**INFORMATION SHOWN**
════════════════════

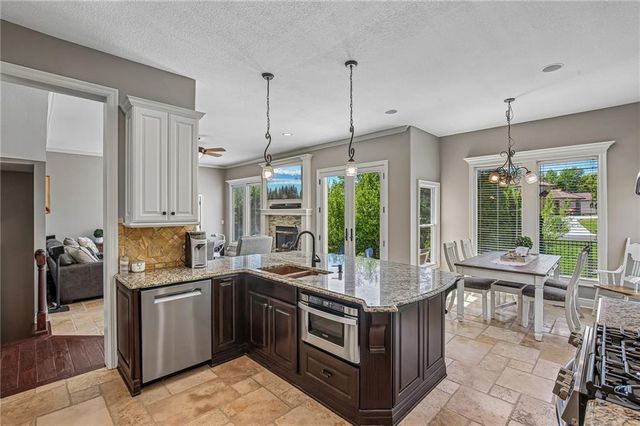 5418 W 161st Terrace, Overland Park, KS 66085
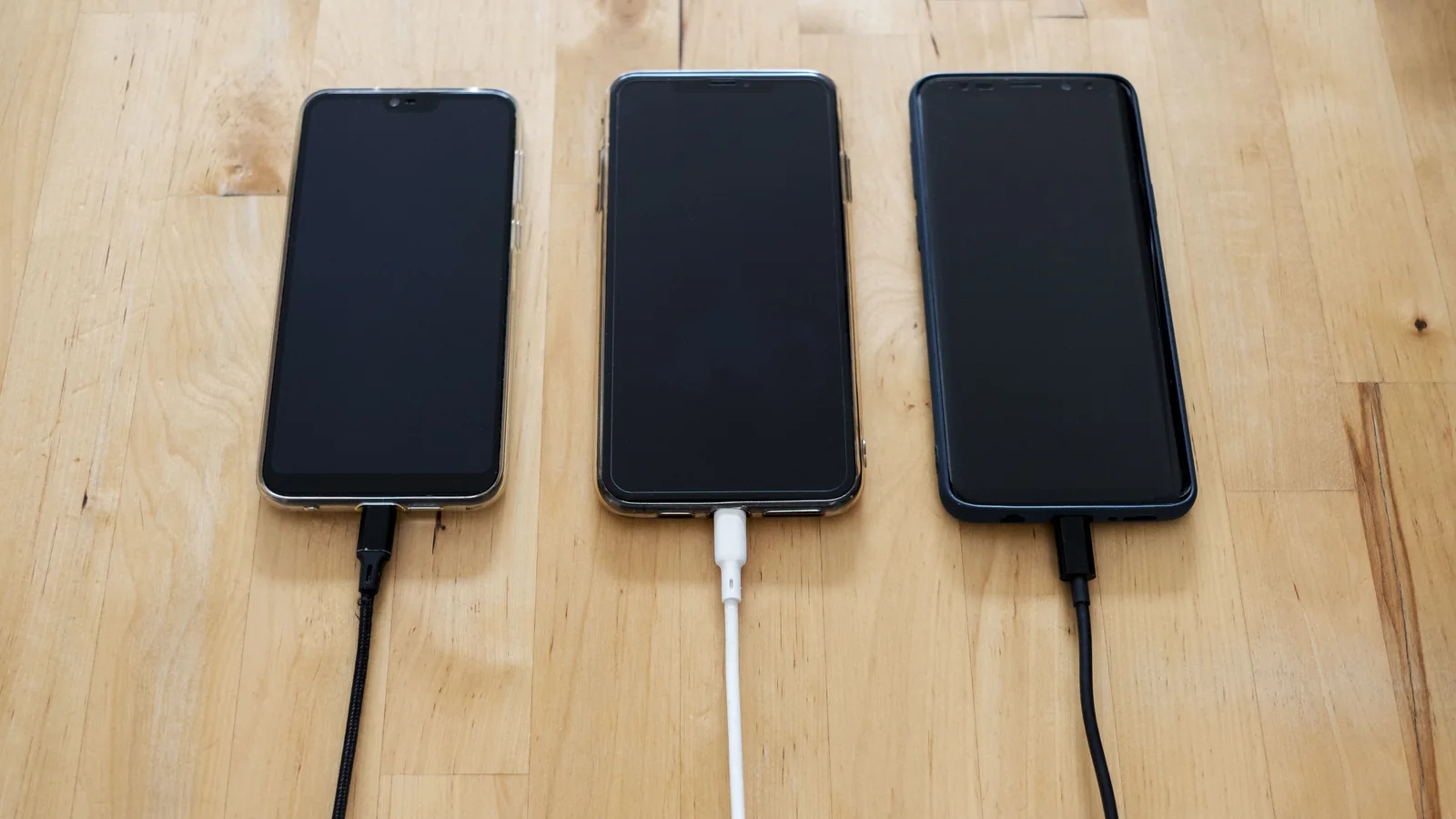 Batterie externe et câble USB près d'un téléphone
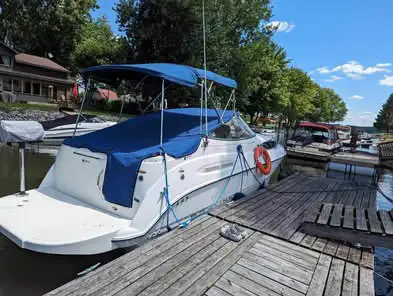Place de Quaie inclus 2025 st Blaise sur Richelieu/lac Champlain Magnifique bateau (cruiser) bayline...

════════════════════

**PROBLEM DESCRIPTION**
Output the lines above verbatim, images excluded.

**WRITTEN ANSWER**
 5418 W 161st Terrace, Overland Park, KS 66085
 Batterie externe et câble USB près d'un téléphone
Place de Quaie inclus 2025 st Blaise sur Richelieu/lac Champlain Magnifique bateau (cruiser) bayline...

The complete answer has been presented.